— TASK GOAL —
Instruction for the entries that follow: retype exactly the lines from the line with "5YFBPMBE6MP217343 2021 TOYOTA" to the line with "Charming 2 bedroom", both included, and omit all others.

— STORED DATA —
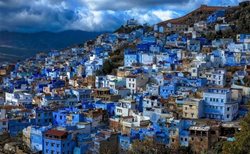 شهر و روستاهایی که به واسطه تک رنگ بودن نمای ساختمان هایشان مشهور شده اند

* * *

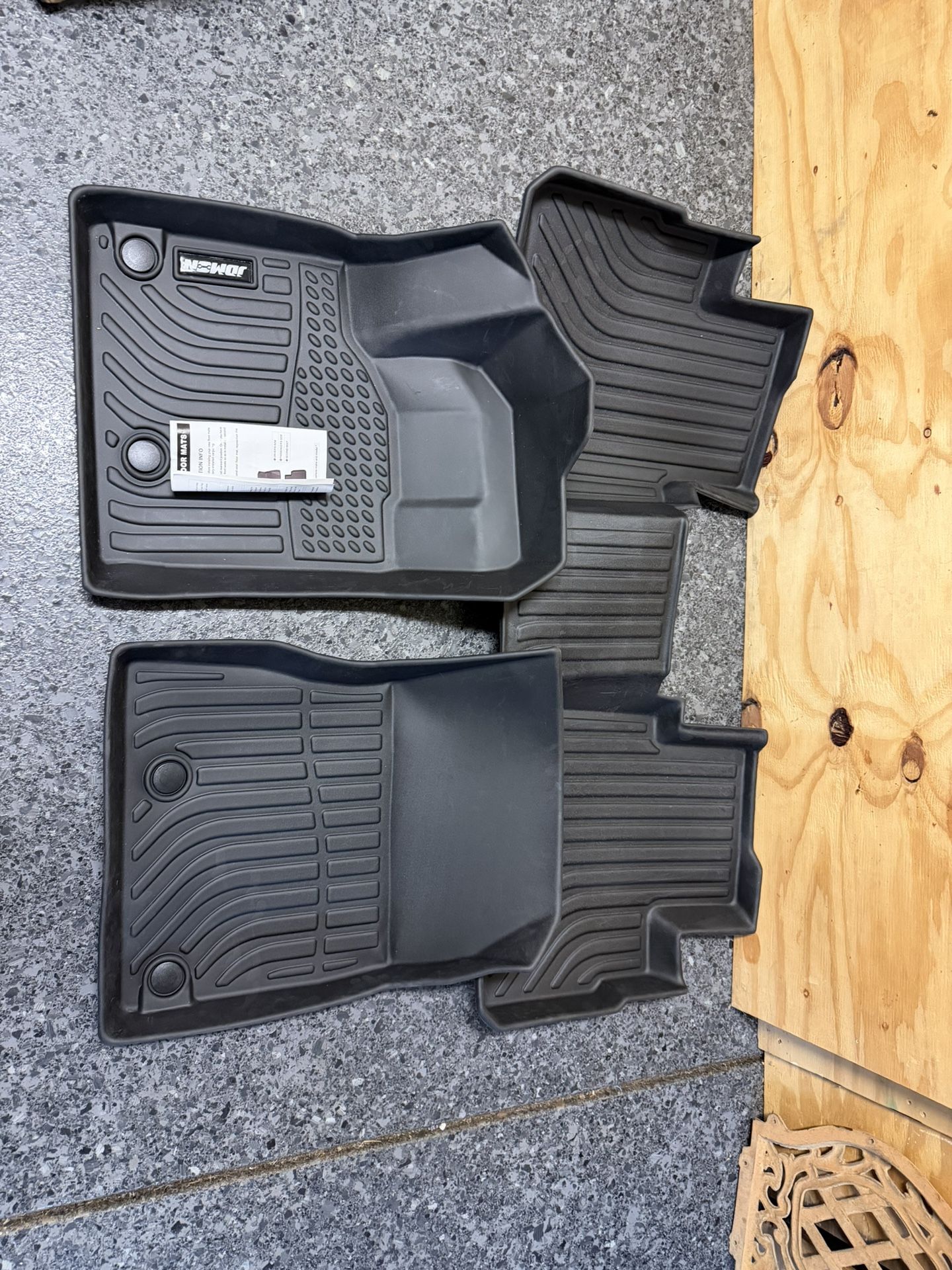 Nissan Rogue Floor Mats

---

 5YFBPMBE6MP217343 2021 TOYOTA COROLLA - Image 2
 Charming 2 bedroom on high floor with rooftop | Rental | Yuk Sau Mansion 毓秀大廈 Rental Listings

— EXPECTED ANSWER —
 5YFBPMBE6MP217343 2021 TOYOTA COROLLA - Image 2
 Charming 2 bedroom on high floor with rooftop | Rental | Yuk Sau Mansion 毓秀大廈 Rental Listings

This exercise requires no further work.